**Task requirements:** From the line that contains "Pink Sequence Blouse - image 1" down to the last line of the data below, restate every line word for word, skipping any images.

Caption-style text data
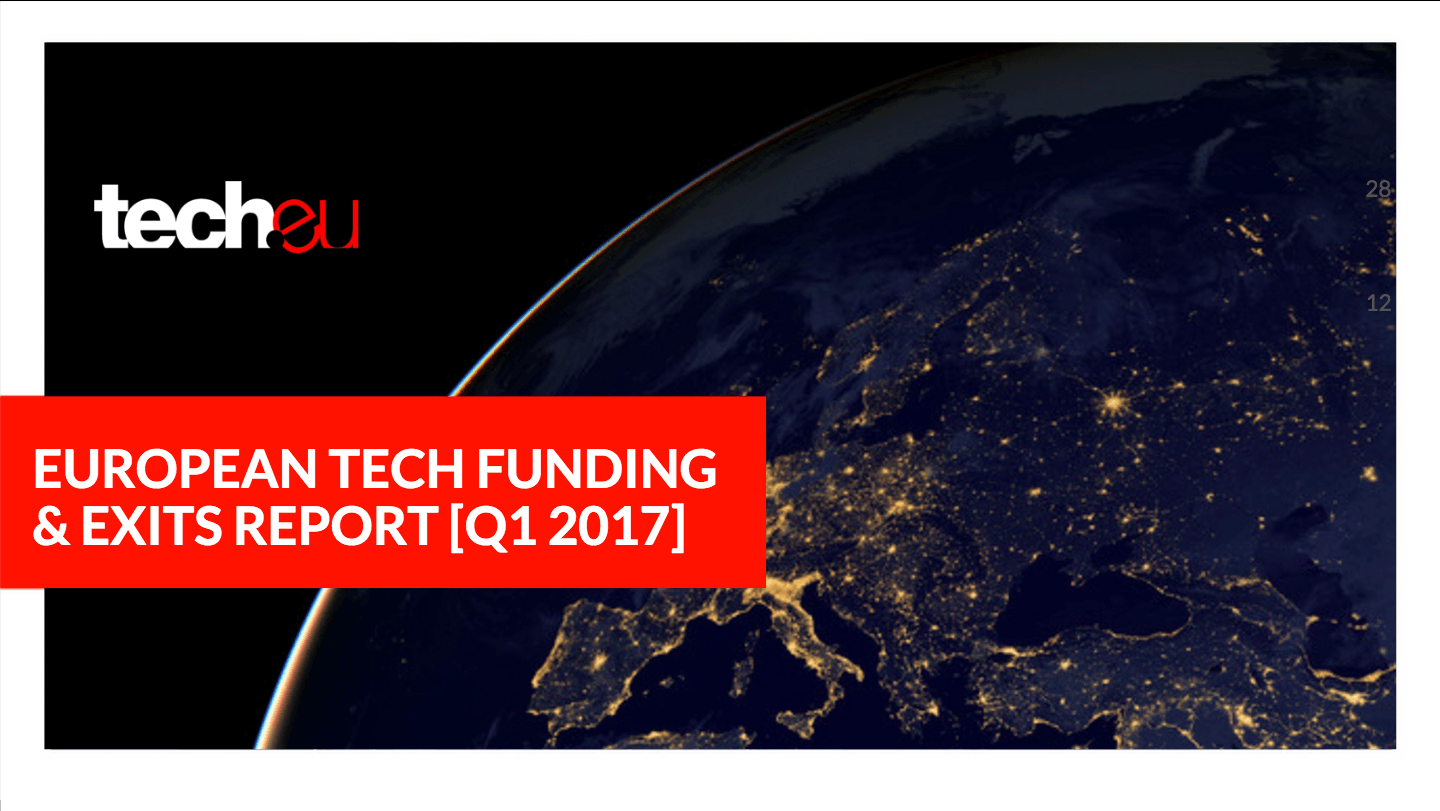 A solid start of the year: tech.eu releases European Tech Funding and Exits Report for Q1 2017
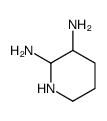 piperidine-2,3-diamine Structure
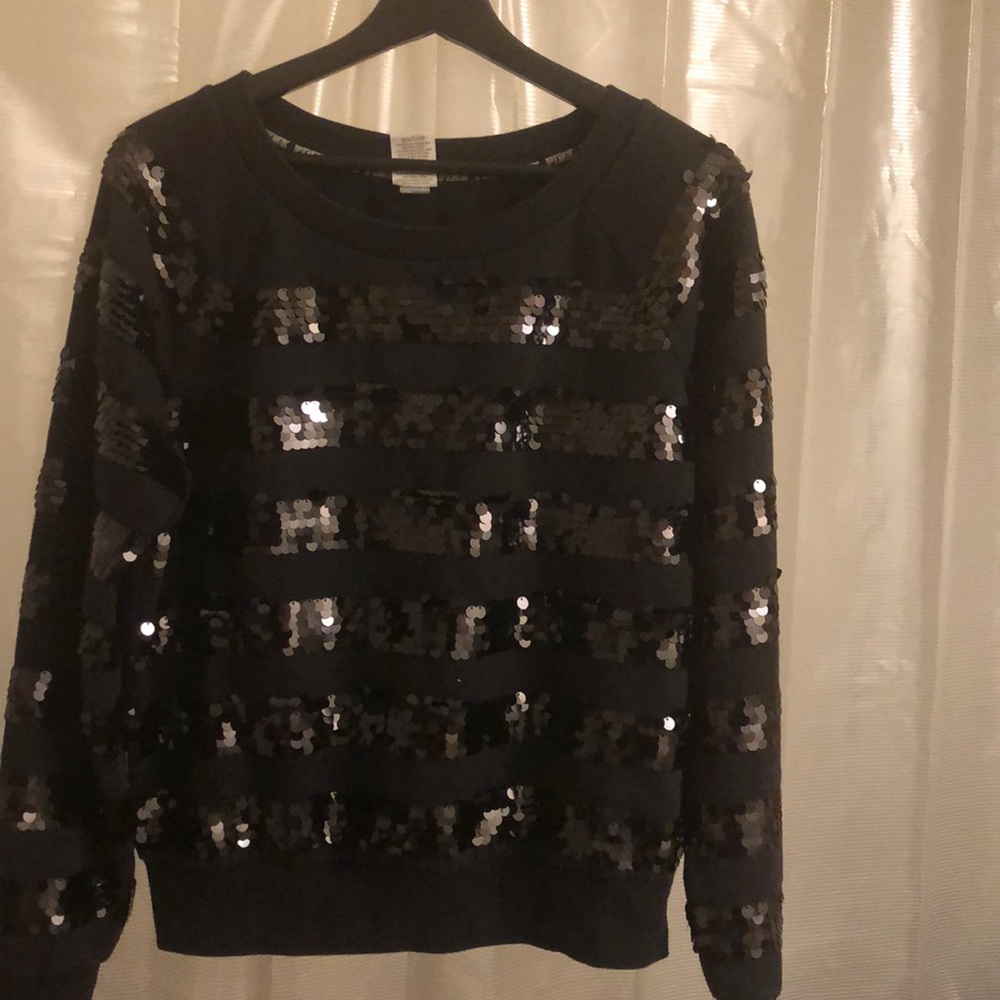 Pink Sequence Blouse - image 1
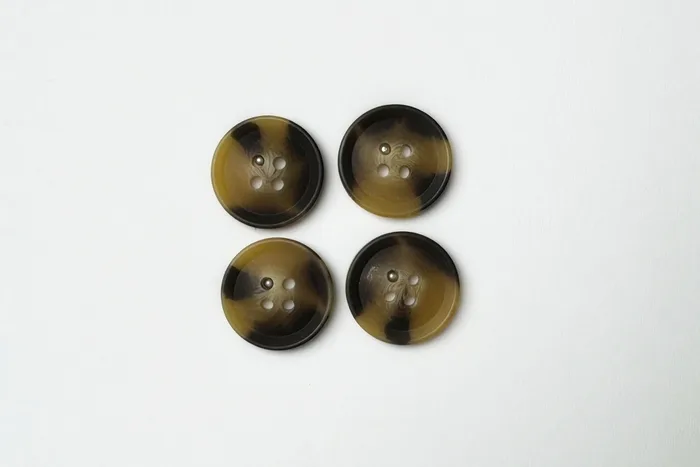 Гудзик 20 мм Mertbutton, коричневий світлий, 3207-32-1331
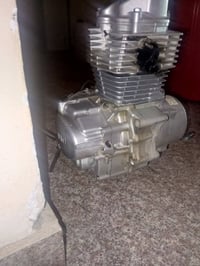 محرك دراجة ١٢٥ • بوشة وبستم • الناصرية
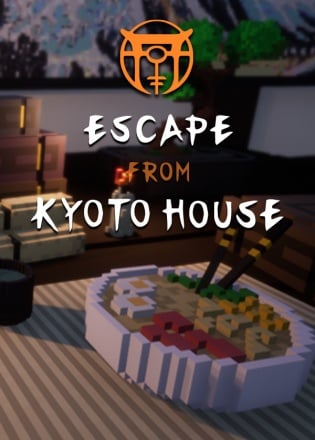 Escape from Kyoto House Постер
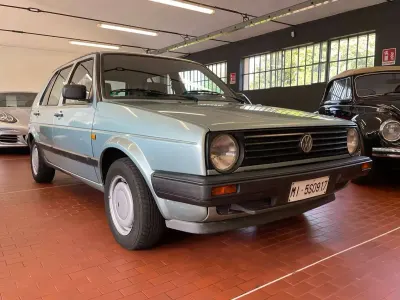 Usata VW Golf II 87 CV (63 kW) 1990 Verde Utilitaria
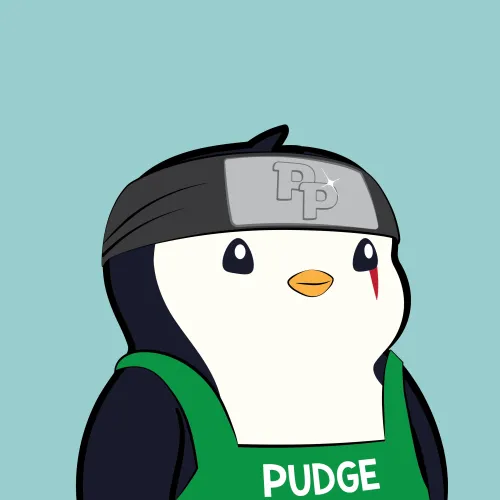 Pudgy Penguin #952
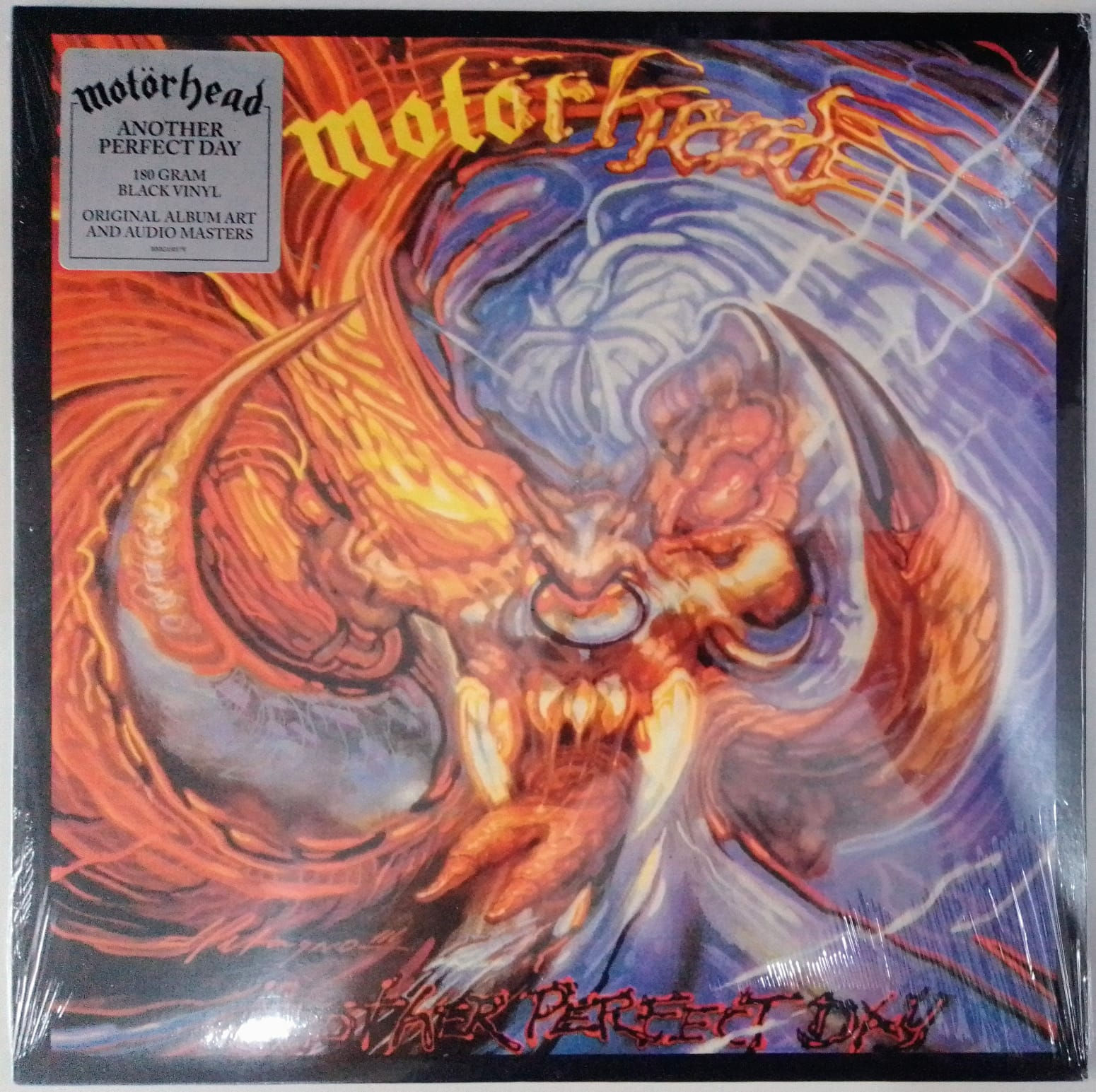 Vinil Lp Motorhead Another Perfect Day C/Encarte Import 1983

**Completed exercise:**
 Pink Sequence Blouse - image 1
 Гудзик 20 мм Mertbutton, коричневий світлий, 3207-32-1331
 محرك دراجة ١٢٥ • بوشة وبستم • الناصرية
 Escape from Kyoto House Постер
 Usata VW Golf II 87 CV (63 kW) 1990 Verde Utilitaria
 Pudgy Penguin #952
 Vinil Lp Motorhead Another Perfect Day C/Encarte Import 1983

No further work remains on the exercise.